Exchange server failure. When you recover an Exchange server, first restore the System State to the standby server and reboot. This action reestablishes the server's identity. Then, run Exchange Setup with the Disaster Recovery option, as Figure 1 shows (or use the /disasterrecovery switch from the command line). This option pulls the Exchange configuration directly from AD. Reapply the Exchange service pack that you were using.
Be aware, however, of two potential problems with the Disaster Recovery option. First, the option doesn't work in a cluster (you must evict the node and reinstall it manually). Second, the option might not correctly install the Microsoft Search component, which is necessary for full-text indexing. "Troubleshooter: Restoring a Clustered Exchange Database to a Nonclustered System," September 2002, http://www.exchangeadmin.com, InstantDoc ID 25839, discusses the first problem; the Microsoft article "XADM: Disaster Recovery Does Not Correctly Setup Full-Text Indexing" (Q295921, http://support.microsoft.com) documents the latter problem.

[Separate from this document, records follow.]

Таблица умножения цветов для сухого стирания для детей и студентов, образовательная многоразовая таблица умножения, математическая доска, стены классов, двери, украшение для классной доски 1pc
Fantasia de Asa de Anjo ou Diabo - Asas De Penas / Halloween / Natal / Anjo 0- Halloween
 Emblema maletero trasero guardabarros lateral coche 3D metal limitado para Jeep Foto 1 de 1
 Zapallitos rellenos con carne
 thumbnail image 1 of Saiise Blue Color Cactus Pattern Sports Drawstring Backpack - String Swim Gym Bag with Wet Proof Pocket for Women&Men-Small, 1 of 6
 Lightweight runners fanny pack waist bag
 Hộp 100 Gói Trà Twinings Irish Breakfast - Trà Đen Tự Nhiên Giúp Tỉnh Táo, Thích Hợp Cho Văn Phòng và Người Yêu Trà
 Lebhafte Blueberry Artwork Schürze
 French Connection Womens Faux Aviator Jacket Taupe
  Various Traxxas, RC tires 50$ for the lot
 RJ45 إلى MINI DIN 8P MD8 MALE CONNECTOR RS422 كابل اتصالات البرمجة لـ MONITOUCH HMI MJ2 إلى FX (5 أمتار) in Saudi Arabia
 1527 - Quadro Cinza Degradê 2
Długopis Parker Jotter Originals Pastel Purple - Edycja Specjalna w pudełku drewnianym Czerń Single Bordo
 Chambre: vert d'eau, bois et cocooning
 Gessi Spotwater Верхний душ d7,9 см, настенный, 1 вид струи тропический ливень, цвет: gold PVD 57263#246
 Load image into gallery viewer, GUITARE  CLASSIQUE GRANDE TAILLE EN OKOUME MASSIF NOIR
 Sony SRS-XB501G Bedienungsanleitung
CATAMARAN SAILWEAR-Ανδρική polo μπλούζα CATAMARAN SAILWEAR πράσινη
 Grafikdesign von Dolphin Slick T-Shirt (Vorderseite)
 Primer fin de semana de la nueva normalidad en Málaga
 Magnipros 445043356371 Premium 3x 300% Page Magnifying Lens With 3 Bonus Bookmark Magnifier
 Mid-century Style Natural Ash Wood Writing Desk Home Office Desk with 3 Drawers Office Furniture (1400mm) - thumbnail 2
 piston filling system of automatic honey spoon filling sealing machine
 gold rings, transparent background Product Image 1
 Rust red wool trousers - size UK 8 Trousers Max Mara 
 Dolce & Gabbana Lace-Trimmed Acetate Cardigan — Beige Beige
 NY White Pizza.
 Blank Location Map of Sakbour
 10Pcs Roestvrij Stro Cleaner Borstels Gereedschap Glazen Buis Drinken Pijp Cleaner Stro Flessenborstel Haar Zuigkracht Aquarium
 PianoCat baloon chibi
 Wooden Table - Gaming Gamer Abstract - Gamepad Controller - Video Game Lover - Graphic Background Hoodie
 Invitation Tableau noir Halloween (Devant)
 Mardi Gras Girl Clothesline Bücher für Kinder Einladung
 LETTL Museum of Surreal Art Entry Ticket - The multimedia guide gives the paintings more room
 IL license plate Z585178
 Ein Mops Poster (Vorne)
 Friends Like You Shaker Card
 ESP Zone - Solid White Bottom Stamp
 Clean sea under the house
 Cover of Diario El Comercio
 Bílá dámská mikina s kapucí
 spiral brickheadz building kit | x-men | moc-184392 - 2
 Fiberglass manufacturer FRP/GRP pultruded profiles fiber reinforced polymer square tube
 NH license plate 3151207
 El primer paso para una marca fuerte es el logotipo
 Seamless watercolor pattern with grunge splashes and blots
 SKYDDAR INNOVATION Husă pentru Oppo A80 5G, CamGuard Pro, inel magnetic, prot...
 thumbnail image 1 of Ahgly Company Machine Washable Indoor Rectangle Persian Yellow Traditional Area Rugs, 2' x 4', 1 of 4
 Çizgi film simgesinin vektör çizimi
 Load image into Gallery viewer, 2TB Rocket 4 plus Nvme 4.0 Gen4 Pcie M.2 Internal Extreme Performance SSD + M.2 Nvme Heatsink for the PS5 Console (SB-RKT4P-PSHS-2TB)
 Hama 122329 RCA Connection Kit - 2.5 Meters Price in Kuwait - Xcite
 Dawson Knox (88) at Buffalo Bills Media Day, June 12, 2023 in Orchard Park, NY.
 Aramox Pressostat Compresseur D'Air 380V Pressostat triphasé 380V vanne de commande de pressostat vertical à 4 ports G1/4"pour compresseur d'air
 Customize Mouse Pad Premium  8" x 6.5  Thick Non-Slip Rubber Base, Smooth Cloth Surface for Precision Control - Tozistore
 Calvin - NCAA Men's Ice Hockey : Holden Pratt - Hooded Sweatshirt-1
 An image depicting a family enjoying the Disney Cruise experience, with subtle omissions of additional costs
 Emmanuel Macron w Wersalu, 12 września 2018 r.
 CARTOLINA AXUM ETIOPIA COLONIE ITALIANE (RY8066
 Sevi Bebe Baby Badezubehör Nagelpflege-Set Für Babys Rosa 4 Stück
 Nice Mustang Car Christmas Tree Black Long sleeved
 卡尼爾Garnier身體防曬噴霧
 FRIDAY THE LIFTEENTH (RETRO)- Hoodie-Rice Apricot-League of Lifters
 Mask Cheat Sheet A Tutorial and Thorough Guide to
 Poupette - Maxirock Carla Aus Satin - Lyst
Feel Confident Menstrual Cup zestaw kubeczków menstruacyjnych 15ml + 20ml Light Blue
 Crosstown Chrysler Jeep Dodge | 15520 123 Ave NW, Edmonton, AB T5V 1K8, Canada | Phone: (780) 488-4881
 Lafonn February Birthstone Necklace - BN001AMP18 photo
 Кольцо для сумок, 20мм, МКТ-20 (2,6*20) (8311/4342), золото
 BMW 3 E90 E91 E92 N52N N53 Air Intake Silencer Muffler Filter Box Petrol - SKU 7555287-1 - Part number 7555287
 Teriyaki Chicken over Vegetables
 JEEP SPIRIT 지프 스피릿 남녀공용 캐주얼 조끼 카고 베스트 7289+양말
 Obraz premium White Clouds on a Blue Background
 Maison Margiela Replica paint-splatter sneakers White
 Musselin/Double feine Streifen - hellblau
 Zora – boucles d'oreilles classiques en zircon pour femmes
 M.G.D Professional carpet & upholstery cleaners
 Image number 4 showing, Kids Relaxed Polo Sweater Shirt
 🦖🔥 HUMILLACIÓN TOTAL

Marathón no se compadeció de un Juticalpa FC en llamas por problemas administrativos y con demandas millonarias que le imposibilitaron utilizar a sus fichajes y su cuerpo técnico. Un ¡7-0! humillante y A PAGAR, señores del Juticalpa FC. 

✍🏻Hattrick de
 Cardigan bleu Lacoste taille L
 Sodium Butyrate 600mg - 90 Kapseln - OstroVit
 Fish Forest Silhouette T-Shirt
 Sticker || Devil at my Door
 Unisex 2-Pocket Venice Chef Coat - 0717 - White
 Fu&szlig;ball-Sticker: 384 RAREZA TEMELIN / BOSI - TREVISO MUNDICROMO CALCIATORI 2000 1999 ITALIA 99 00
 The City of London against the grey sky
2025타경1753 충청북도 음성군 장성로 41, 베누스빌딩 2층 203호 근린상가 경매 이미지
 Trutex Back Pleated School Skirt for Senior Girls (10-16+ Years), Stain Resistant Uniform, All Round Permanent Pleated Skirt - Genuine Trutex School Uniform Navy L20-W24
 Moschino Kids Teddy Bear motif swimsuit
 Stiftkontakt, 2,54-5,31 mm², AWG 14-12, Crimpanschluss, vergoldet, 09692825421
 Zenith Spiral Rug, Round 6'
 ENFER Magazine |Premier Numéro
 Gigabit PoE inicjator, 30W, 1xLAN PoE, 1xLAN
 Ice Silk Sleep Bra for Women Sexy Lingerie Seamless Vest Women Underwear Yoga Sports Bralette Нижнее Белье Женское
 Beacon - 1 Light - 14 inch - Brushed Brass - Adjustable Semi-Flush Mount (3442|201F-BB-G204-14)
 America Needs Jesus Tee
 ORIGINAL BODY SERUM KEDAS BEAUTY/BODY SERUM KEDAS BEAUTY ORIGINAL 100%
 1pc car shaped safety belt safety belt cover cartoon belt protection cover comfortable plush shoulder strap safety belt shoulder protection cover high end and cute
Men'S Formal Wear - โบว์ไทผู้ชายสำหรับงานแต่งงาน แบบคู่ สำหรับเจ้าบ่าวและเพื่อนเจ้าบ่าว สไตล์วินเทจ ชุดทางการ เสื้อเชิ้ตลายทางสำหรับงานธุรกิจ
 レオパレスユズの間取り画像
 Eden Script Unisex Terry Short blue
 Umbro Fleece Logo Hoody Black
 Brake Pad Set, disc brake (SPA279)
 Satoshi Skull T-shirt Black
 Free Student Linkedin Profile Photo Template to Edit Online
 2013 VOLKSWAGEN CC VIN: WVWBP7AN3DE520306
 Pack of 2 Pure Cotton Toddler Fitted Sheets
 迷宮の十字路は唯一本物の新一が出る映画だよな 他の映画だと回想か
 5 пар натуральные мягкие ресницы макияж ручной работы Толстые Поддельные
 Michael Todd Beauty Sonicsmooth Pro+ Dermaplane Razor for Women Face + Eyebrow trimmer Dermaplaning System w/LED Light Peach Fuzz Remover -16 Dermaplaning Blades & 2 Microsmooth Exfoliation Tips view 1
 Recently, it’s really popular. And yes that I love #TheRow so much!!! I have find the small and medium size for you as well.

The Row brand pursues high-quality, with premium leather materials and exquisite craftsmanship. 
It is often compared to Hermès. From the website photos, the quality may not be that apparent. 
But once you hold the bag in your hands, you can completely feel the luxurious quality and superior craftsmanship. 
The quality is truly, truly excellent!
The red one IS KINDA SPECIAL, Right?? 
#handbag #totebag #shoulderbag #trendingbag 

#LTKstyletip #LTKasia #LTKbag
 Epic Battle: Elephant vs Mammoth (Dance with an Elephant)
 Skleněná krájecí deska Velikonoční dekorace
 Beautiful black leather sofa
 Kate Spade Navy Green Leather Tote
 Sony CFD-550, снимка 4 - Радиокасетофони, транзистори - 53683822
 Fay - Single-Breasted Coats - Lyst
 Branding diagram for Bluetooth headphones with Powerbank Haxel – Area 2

AD server failure. When an AD server crashes, you must decide whether to rebuild the server or replace it with a new server. Because AD uses multimaster replication, you might not immediately notice the loss of a domain controller (DC)with two exceptions. First, if the DC is a Global Catalog (GC) server, which Exchange uses for directory access and referrals to Outlook clients, Outlook clients might hang. If you're running a version earlier than Exchange 2000 Service Pack 2 (SP2), you might even need to reboot the Exchange server so that it can find another GC server (another good reason to apply SP3 or SP2). Second, if the DC owns a Flexible Single-Master Operation (FSMO) role, you need to manually seize that role or specific operations such as password resets will fail.